Help Center/ Cloud Data Migration/ User Guide/ Creating a Link in a CDM Cluster/ Creating a Link Between CDM and a Data Source
Updated on 2024-11-20 GMT+08:00

Creating a Link Between CDM and a Data Source

Scenario

Before creating a data migration job, create a link to enable the CDM cluster to read data from and write data to a data source. A migration job requires a source link and a destination link. For details on the data sources that can be exported (source links) and imported (destination links) in different migration modes (table/file migration), see Supported Data Sources.

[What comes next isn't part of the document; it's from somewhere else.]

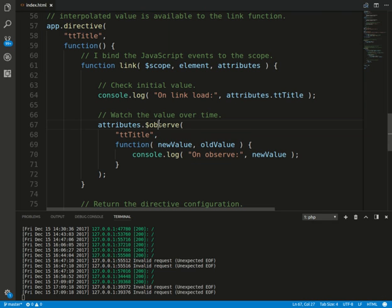If the directive has lower priority, it will be in the link function in the right place. So in our case, the directive will execute after interpolation.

The link configurations depend on the data source. This section describes how to create these links.

Constraints

  • If changes occur in the connected data source (for example, the MRS cluster capacity is expanded), you need to edit and save the connection.
  • Do not change the password or user when the job is running. If you do so, the password will not take effect immediately and the job will fail.

Prerequisites

  • A CDM cluster is available.
  • The CDM cluster can communicate with the destination data source.
    • If the destination data source is an on-premises database, you need the Internet or Direct Connect. When using the Internet, ensure that an EIP has been bound to the CDM cluster, the security group of CDM allows outbound traffic from the host where the off-cloud data source is located, the host where the data source is located can access the Internet, and the connection port has been enabled in the firewall rules.
    • If the destination data source is a cloud service (such as DWS, MRS, and ECS), the following requirements must be met for network interconnection:
      • If the CDM cluster and the cloud service are in different regions, a public network or a dedicated connection is required for enabling communication between the CDM cluster and the cloud service. If the Internet is used for communication, ensure that an EIP has been bound to the CDM cluster, the host where the data source is located can access the Internet, and the port has been enabled in the firewall rules.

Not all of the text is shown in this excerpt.